Adam Beberg replied:
Sorry Dave, I just can't let the multi-core "crisis" comment stand without a reply. That false meme needs to die.I work on Folding@home, which is a 250K-node distributed system, where each node is now days a dual-core at minimum, an 8-core Cell on avg, or at maximum an on chip cluster of SMP elements with 1000's of threads in a NUMA setup of vector processors in the new GPUs. Nominally we have a 1M+core system operating as a coordinated whole.
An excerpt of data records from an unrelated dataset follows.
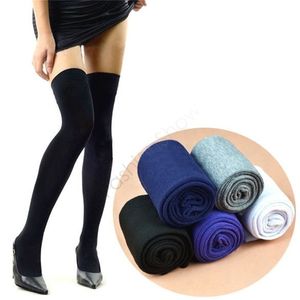 Precio de Factocy, calcetines por encima de la rodilla, medias altas hasta el muslo, medias sexis de algodón más finas para mujer, negro/blanco/gris/púrpura/azul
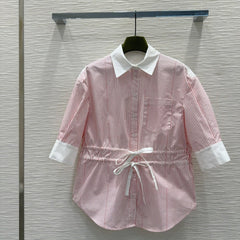 GG SIGNATURE SHIRT IN PINK STRIPE COTTON WITH DRAWSTRING WAIST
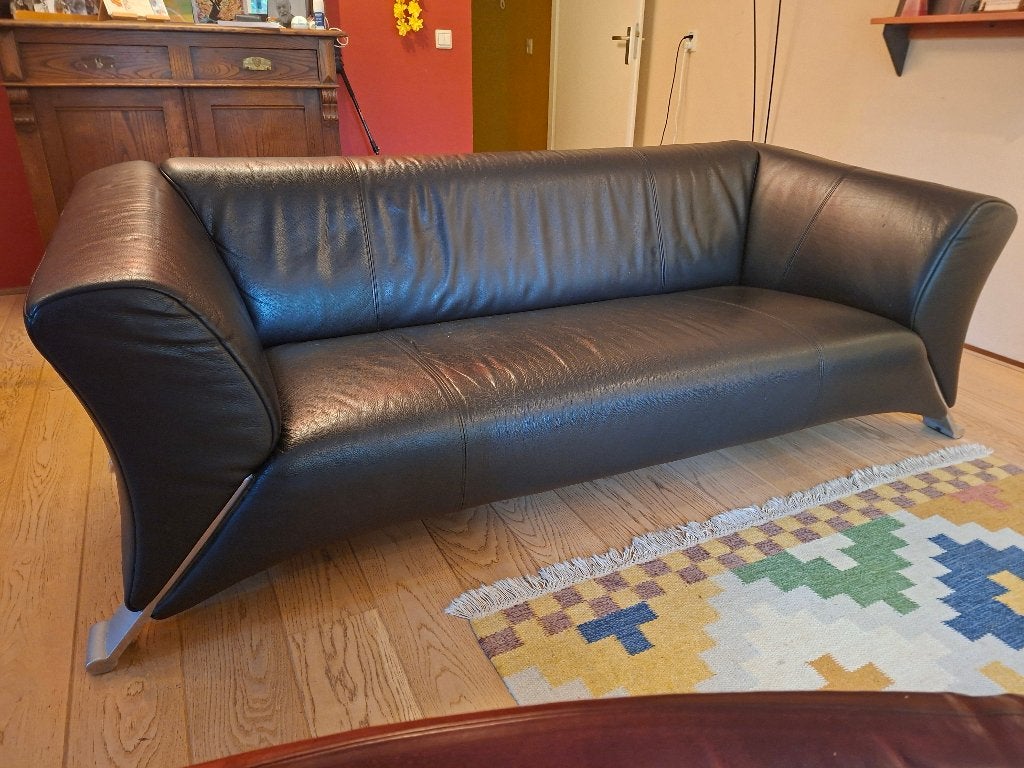 Rolf Benz zwart leren  bank, Huis en Inrichting, Ophalen, Gebruikt, Driepersoons, 75 tot 100 cm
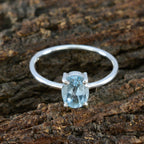 Blue Topaz Solitaire Turkish Silver Blue Gemstone Elegant  Fairytale Ring Jewelry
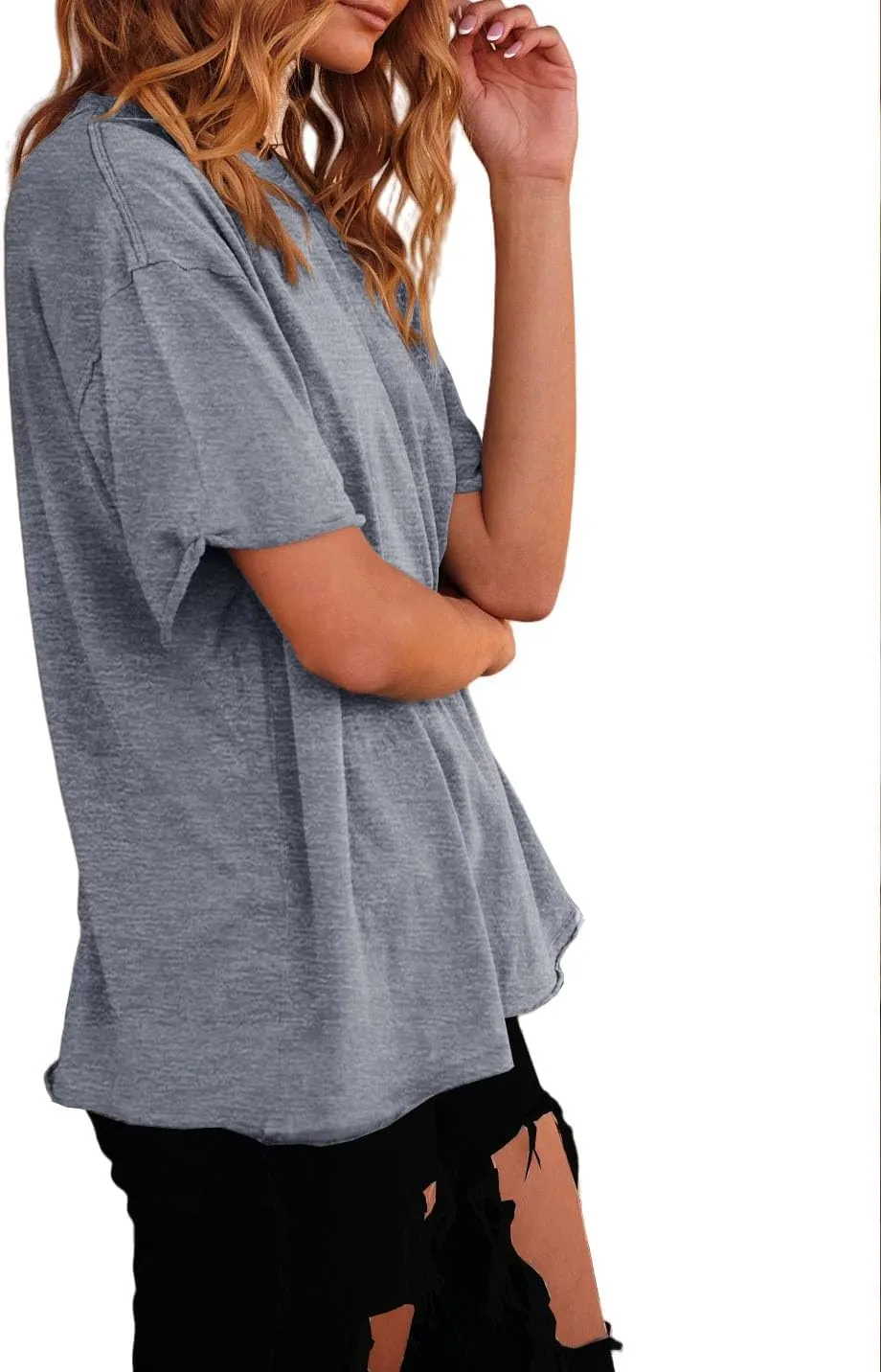 Womens Oversized Shirt Summer Casual Trendy Tshirts Cotton Crewneck Short Sleeve Basic Tops Tees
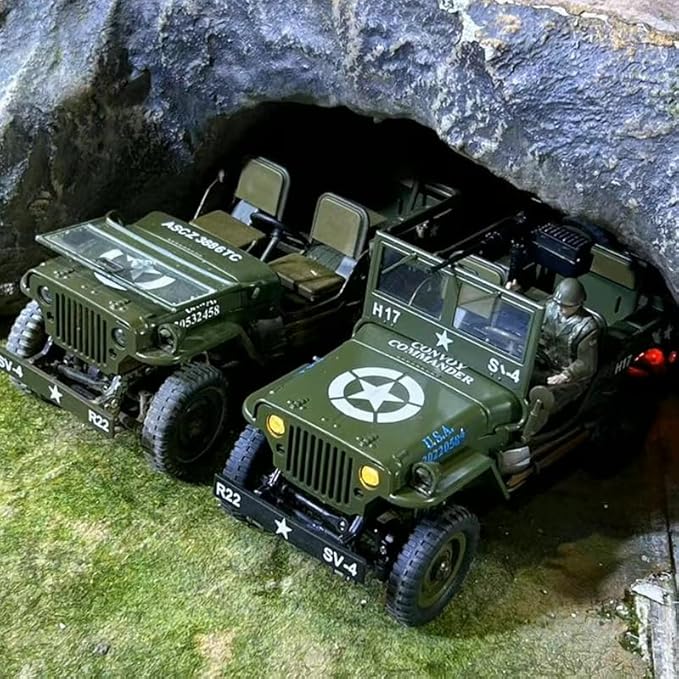 1/16 Scale Alloy Remote Control Car Military Willys Climbing Car with LED Lights &amp Soldier Figure All Terrain Off-Road Vehicle for Adults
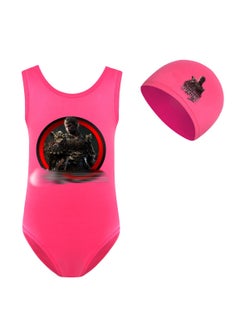 MQD Black Myth Goku Girls' One Piece Swimsuit And Cap Set 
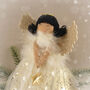 Gold Dark Haired Light Up Tree Topper Angel Decoration, thumbnail 2 of 11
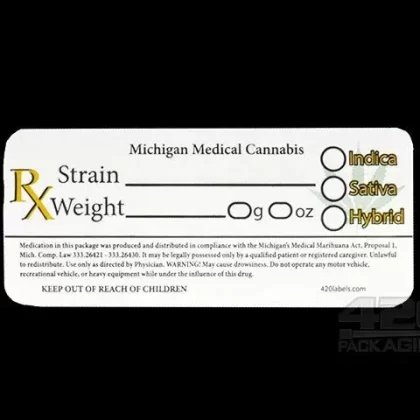 Michigan Medical Labels w/ Compliant Logo | 3in x 1in – Rectangle – 1000 Count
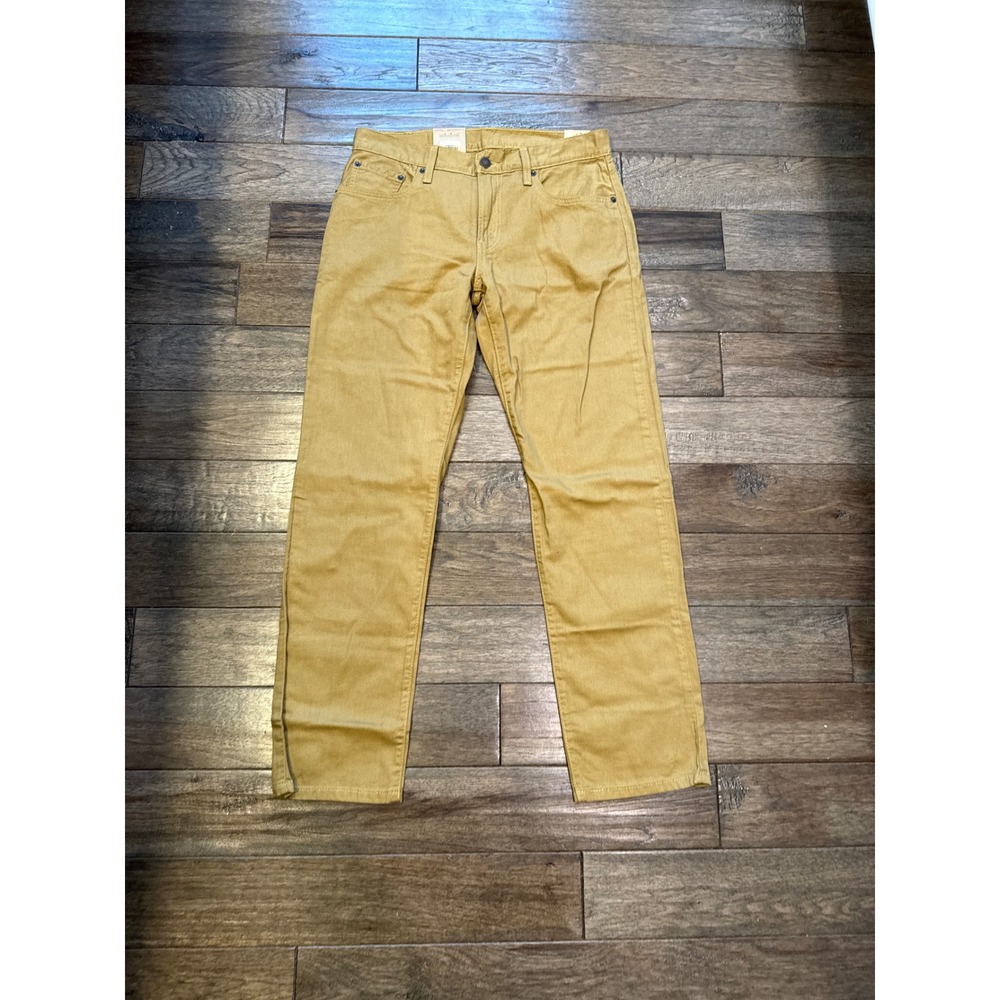 Levis Middy Straight Pants Womens 28x30 Tan Gold Cotton Chino‎ A46902371 NWT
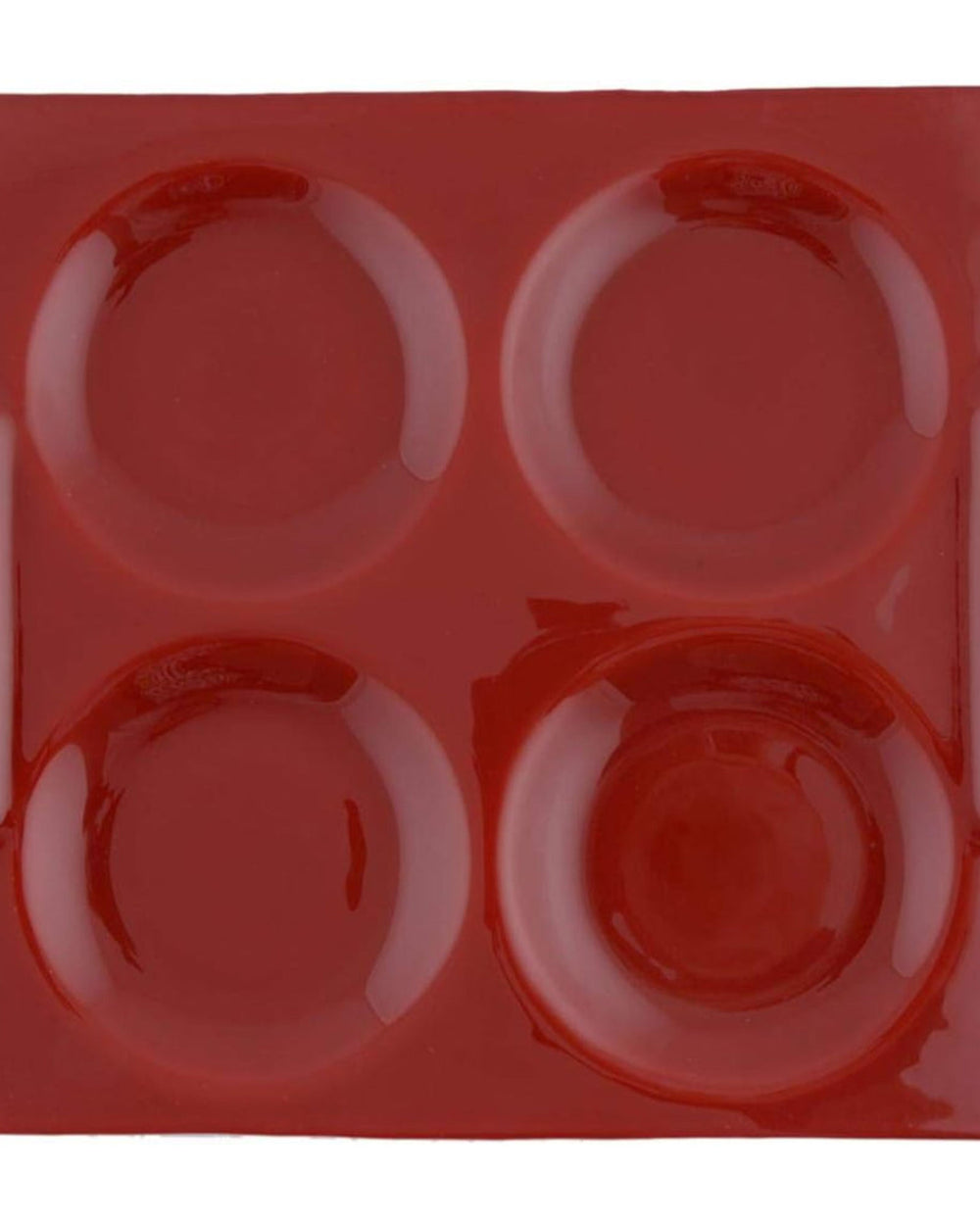 Shallow Porcelain 5-Piece Serving Set, White and Red – Elegant Tableware with 4 Cups and Red Tray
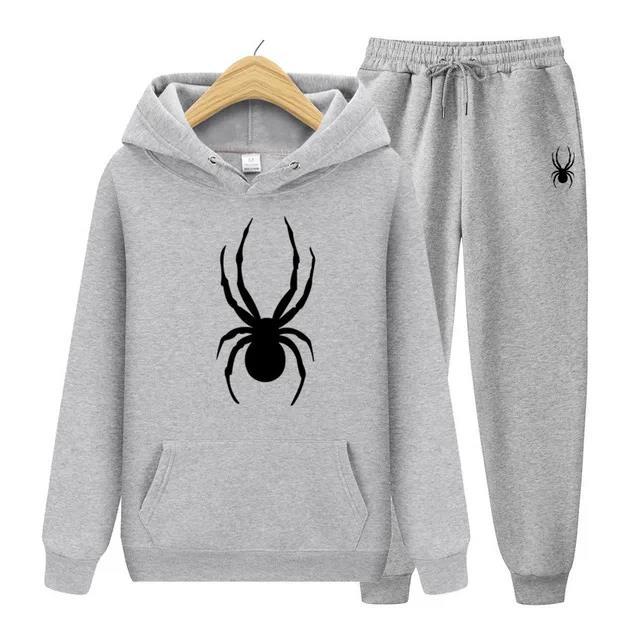 Весенне-осенний мужской костюм брендовая мода паук толстовка + брюки повседневный бег трусцой спортивная одежда 2 комплекта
The idea that 64 cores is a problem is patently absurd. Complex on many levels? Sure. CS not available by the 80's? No - the 64-node Caltech Cosmic Cube was in 1981. Wall in sight for multi-core? Nope maybe at 1B cores, I'll keep you posted. GPU compilers ready for mainstream? Give them another year. Courses to learn this stuff? Already out there.
Andrew then replied:
With all due respect to your excellent work on Folding@Home, your algorithms fall into the "embarrassingly parallel" category.
Adam didn't agree at all:
While on the surface Folding@home appears in the job queue category of SETI/BOINC projects, it's not. Under the hood it's a rather crazy feedback process with Markov models and each new work unit depending on the previous ones. If anything this is where the fun CS problems are, and where the active research is. 10 years ago noone even thought you could distribute these problems and had to use supercomputers.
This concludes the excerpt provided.